··· Data for analysis ···

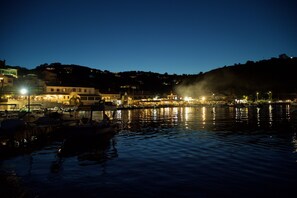 St Stephanos at night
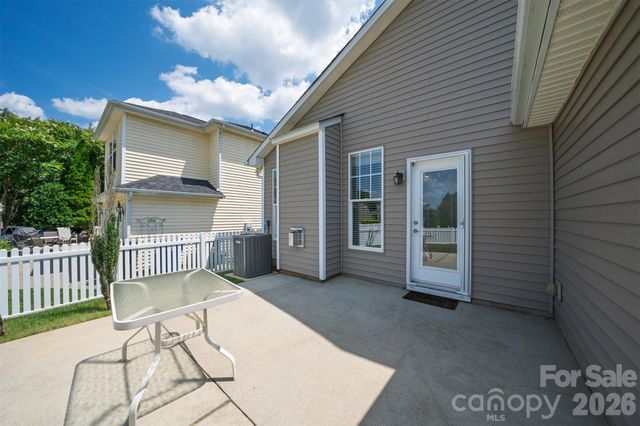 15718 Seafield Lane, Huntersville, NC 28078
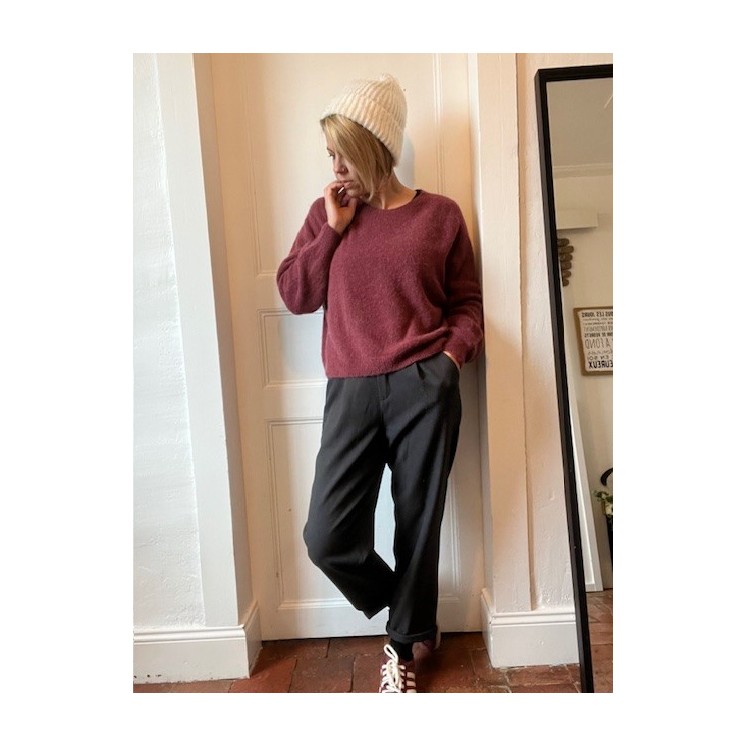 Pull en laine d'alpaga ultra doux-confort chaleur et élégance avec sa couleur bordeaux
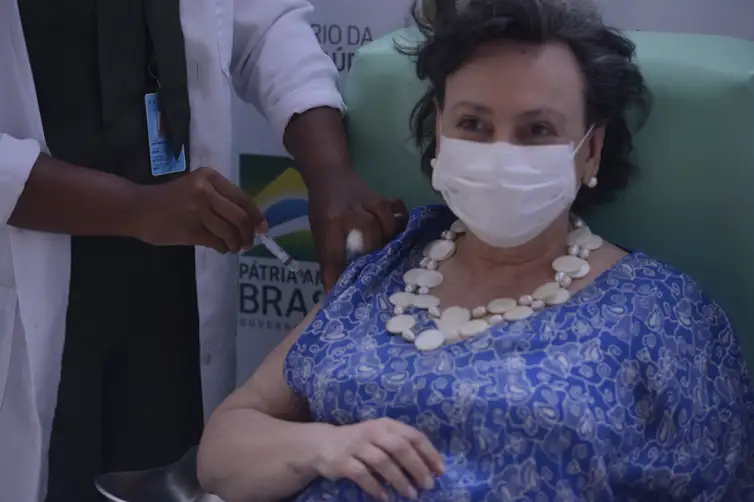 Tomaz Silva/Agência Brasil A médica pneumologista do Centro de Referência Professor Helio Fraga, da Fiocruz, Margareth Dalcolmo recebe a dose da vacina de Oxford/AstraZeneca na Fiocruz.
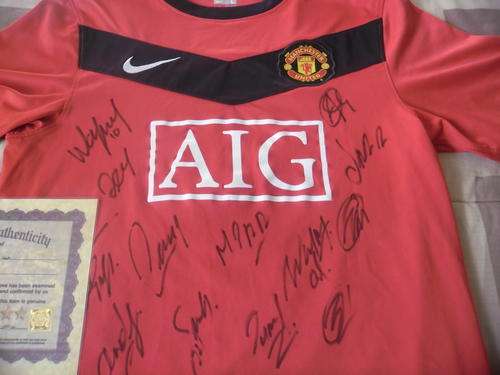 Manchester United 2012 squad signed football / soccer shirt + COA RARE!!!!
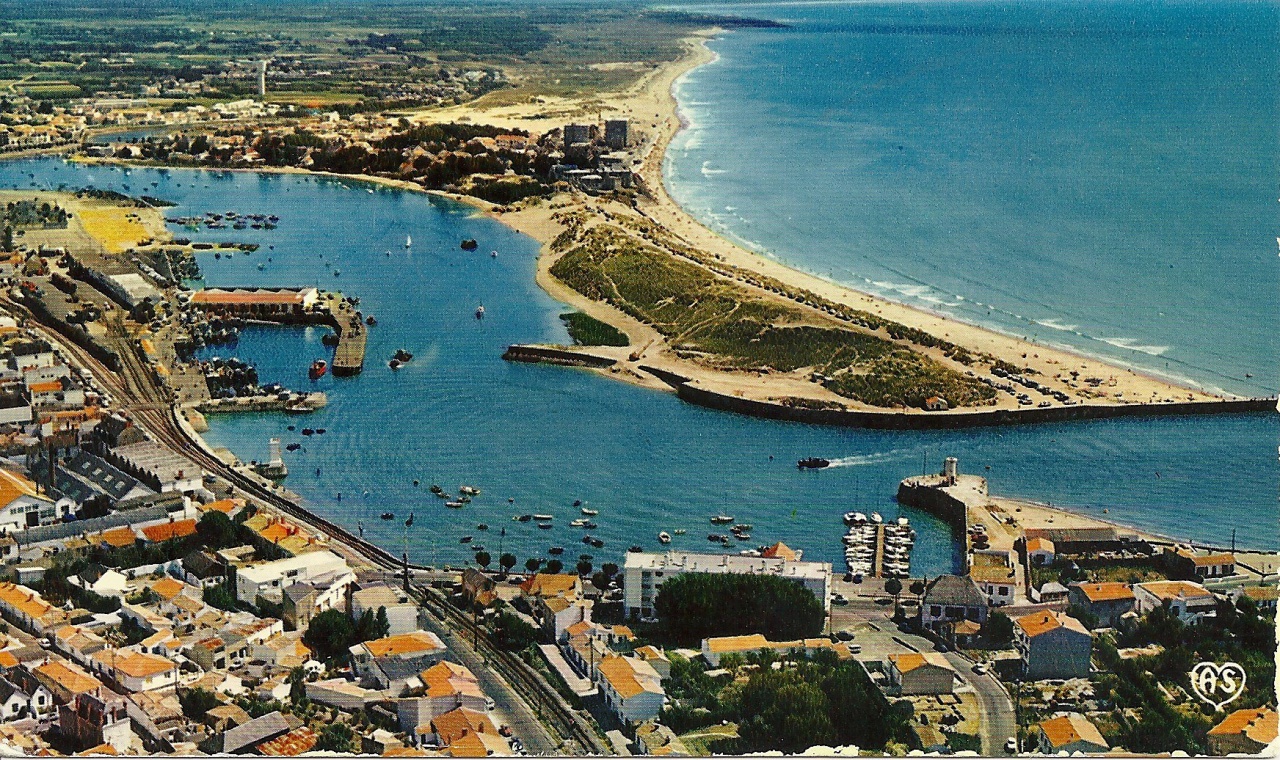 St-Gilles - Croix-de-Vie, le port et la plage de St-Gilles.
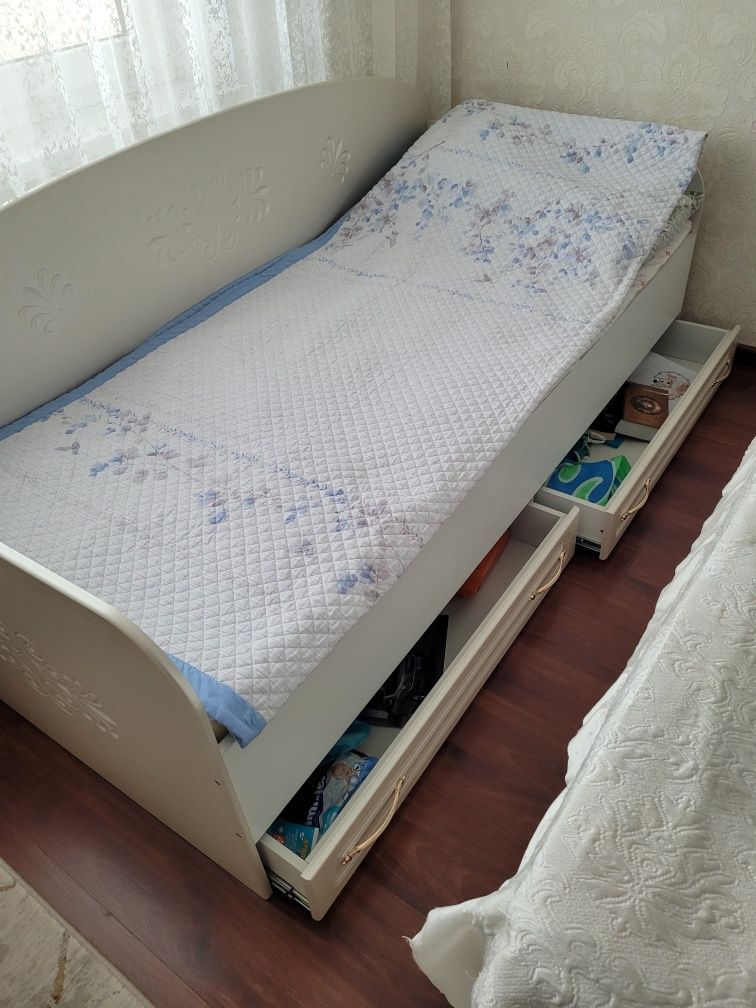 Кровать белая в комнату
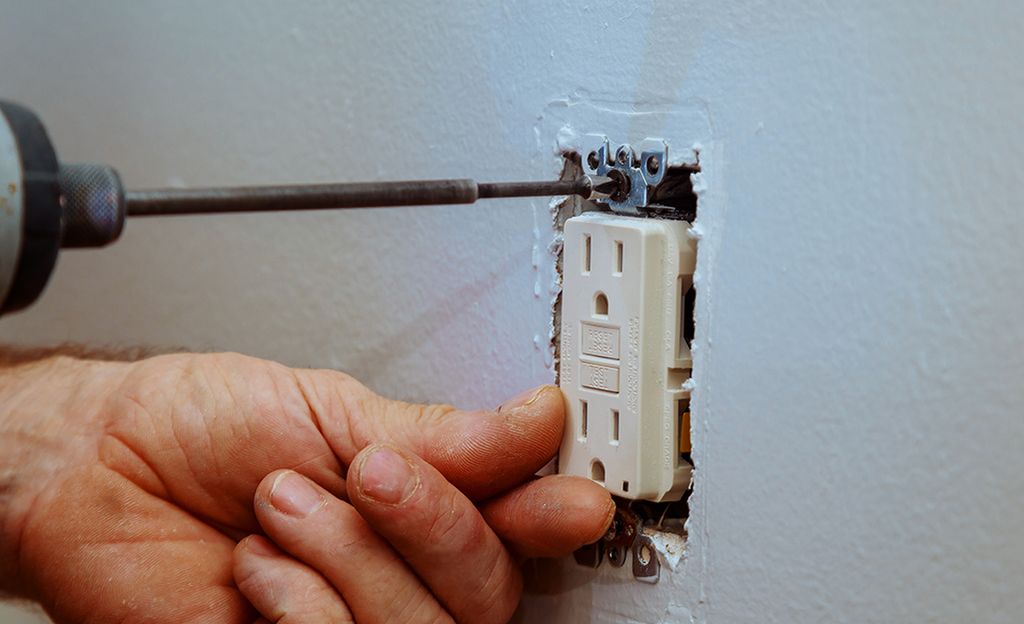 Electrical/Outlet Change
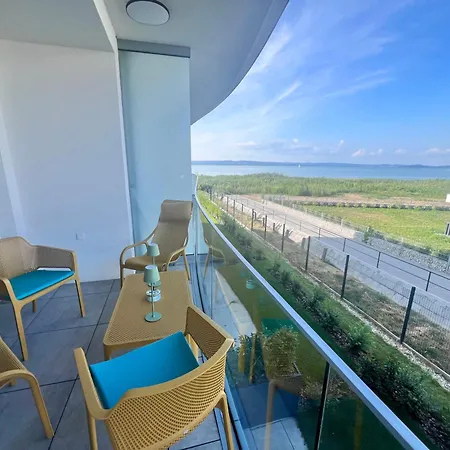 Balatoni Panoramas Lakas Sajat Partszakasszal,medencevel Lägenhet Balatonszárszó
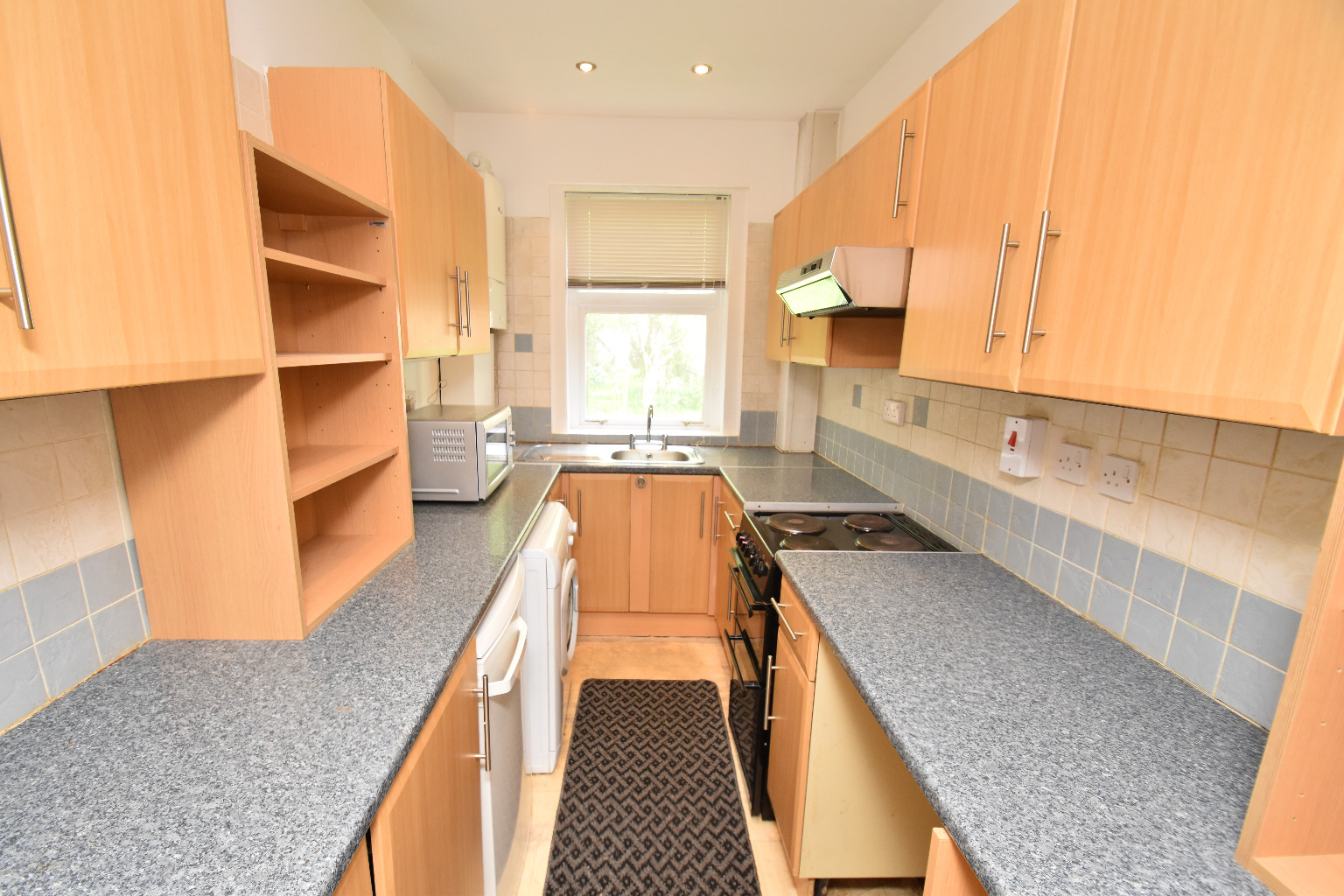 3 bed flat for sale in Moness Drive, Glasgow  - Property Image 6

···

▸ **Required action**
Output the lines above in full and exactly. Leave out every picture.

▸ **Answer space**
 St Stephanos at night
 15718 Seafield Lane, Huntersville, NC 28078
 Pull en laine d'alpaga ultra doux-confort chaleur et élégance avec sa couleur bordeaux
 Tomaz Silva/Agência Brasil A médica pneumologista do Centro de Referência Professor Helio Fraga, da Fiocruz, Margareth Dalcolmo recebe a dose da vacina de Oxford/AstraZeneca na Fiocruz.
 Manchester United 2012 squad signed football / soccer shirt + COA RARE!!!!
 St-Gilles - Croix-de-Vie, le port et la plage de St-Gilles.
 Кровать белая в комнату
 Electrical/Outlet Change
 Balatoni Panoramas Lakas Sajat Partszakasszal,medencevel Lägenhet Balatonszárszó
 3 bed flat for sale in Moness Drive, Glasgow  - Property Image 6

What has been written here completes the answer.